Books, knitting, cats, fountain pens...Life is Good.

kiwiknitter's picture

Hi Jay, This is a great garment and I know just the person I will knit it for! Thank you for sharing this with us. Joe has given you great advice. It isn't a difficult pattern and you should be able to knit it fine. I read your profile - I did needlepoint for years before switching to knitting. Now, my eyes are not what they once were so no more fine knitting. It will be fun to do something in a chunky knitting wool for a change. Best wishes for your successful project!

Never trust a man who, when left alone in a room with a tea cozy, doesn't try it on.  ~Billy Connolly

Knitting fool's picture

Thanks, for your input! I am going to try to add stitches to both length and height to get the size I am going to need. I just got the yarn today, so I'll be ready to go as soon as I finish up my current project.
I would really appreciate it, kiwiknitter, if you could clue me in on any snags you might hit as you knit this. Also, I'd really like to see your finished vest.

Thanks again, guys!

Knitting fool's picture

Well, I'm in the final stretch of knitting the back of this vest. I chose to begin with the back, as it seemd to be the easiest part of the vest. I added stitches to the width and the height, and I think I did is correctly, because if I lay this piece on my back, it looks like it is going to fit!

I now will be starting on the left front. I practiced the mitered knitting with some scrap yarn and I think I found some errors in the pattern that will be easy to correct. The one part of this vest that has me confused is how to use the instructions for the left front to knit the right front of this. The cast-on for the front pieces form the horizontal and the vertical bands for both pieces. I am unsure how to get started on the right front piece. Any help would be greatly appreciated.

Knitting fool's picture

I have successfully completed the two front pieces and the back piece for this vest! All that remains now is the final assembly, trimming out the collar and the arm holes and making and adding the frog closures and iCord ornamentation.

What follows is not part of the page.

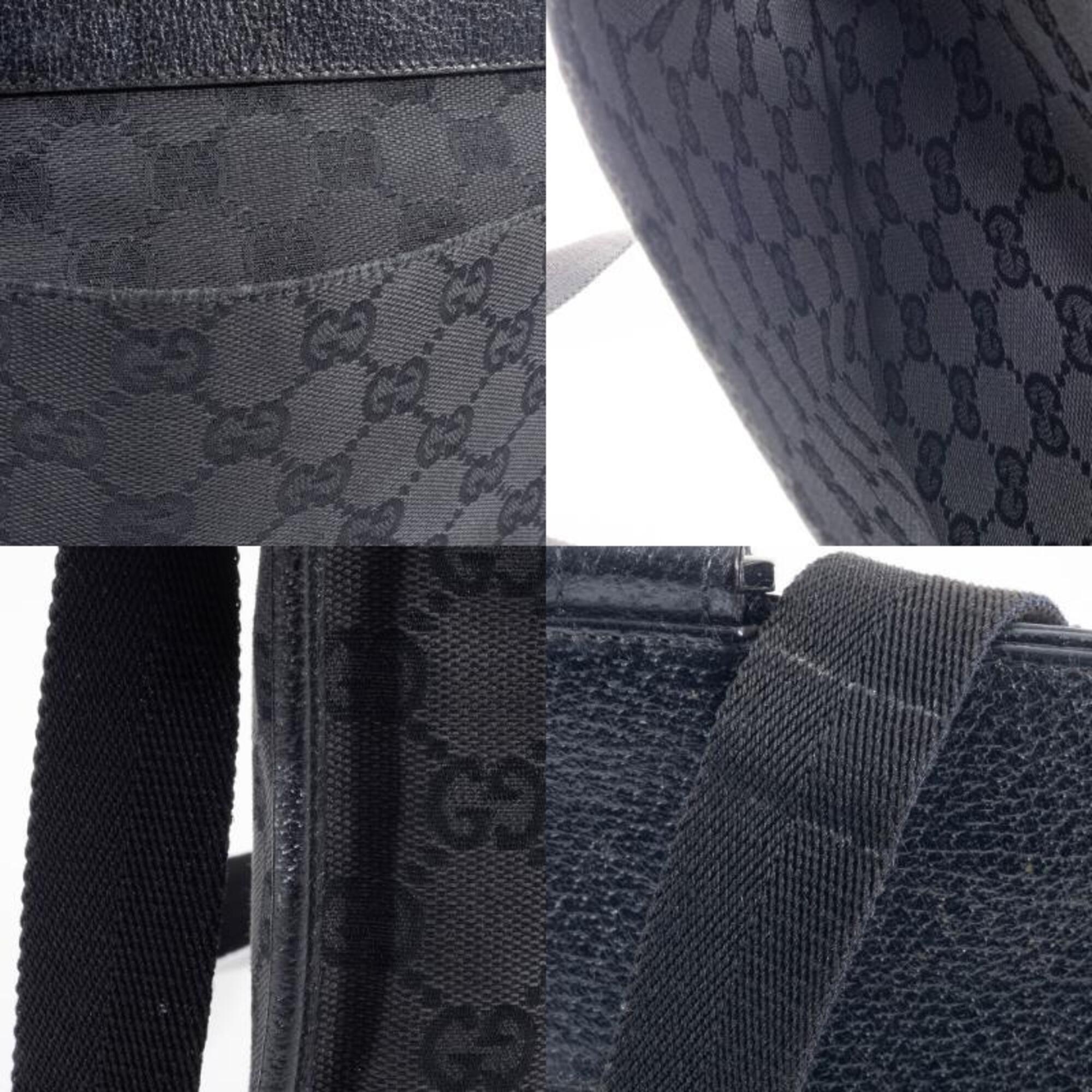 Gucci Gg Canvas Black Gg Canvas Leather Shoulder Bag (Pre-Owned)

I had to figure out how to up-size the pattern, as the pattern as written would not have fit me. Also, having never made a vest before I had to learn how to make the right front piece having only instructions for the left side. To keep myself sane with the miter, I created an Excel spreadsheet that kept track of the rows and when to make the decreases. I wasn't too sure about this when I first decided to make this vest, but it's going to be a go to garment this fall. When I have it complete, I will post a photo or two.

CLABBERS's picture

Hi Jay,
I haven't been on here for awhile, so it was nice to read all your progress in one sitting. Like you, I have also found that and Excel spreadsheet is a knitters great friend. I must admit though that I usually just draw a grid on a scrap of paper and keep my stitch counts and rows on that. That way, I don't struggle with creating the spreadsheet and modifying it. I just use the pencil eraser on my scrap paper as it goes faster for me. I am anxious to see the finished product. If you took pictures of the individual pieces along the way, please post them as well.
Mark

Knitting fool's picture

Well, guess what? My vest still isn't finished!!! I am struggling with the closures and the embellishments on the front pieces. I pinned all of it down over two thicknesses of foam board, but when it came time to baste, and then sew them on, it all went to hell in a hand basket. I put it all aside, and began knitting hats and scarves for homeless veterans. Now that I have seriously depleted my yarn stocks, my attention has again returned to the vest. I am going to try using a hot glue gun to tack the Icord pieces to the vest to hold them more securely while I sew them on. Wish me luck...

Bill's picture

DON'T USE HOT GLUE! ...you can tack stuff in place with an Elmer's glue stick...that will wash out. The kind of glue stick kids use.

Knitting fool's picture

Finally finished!!! See above for the photo. I ended up needing to add a little to the size of the vest as it wasn't fitting as loosely as I wanted. I simply knited some side gussets and seemed them into the vest. I am quite please with how this turned out for my very first vest project. I sure learned a lot doing it.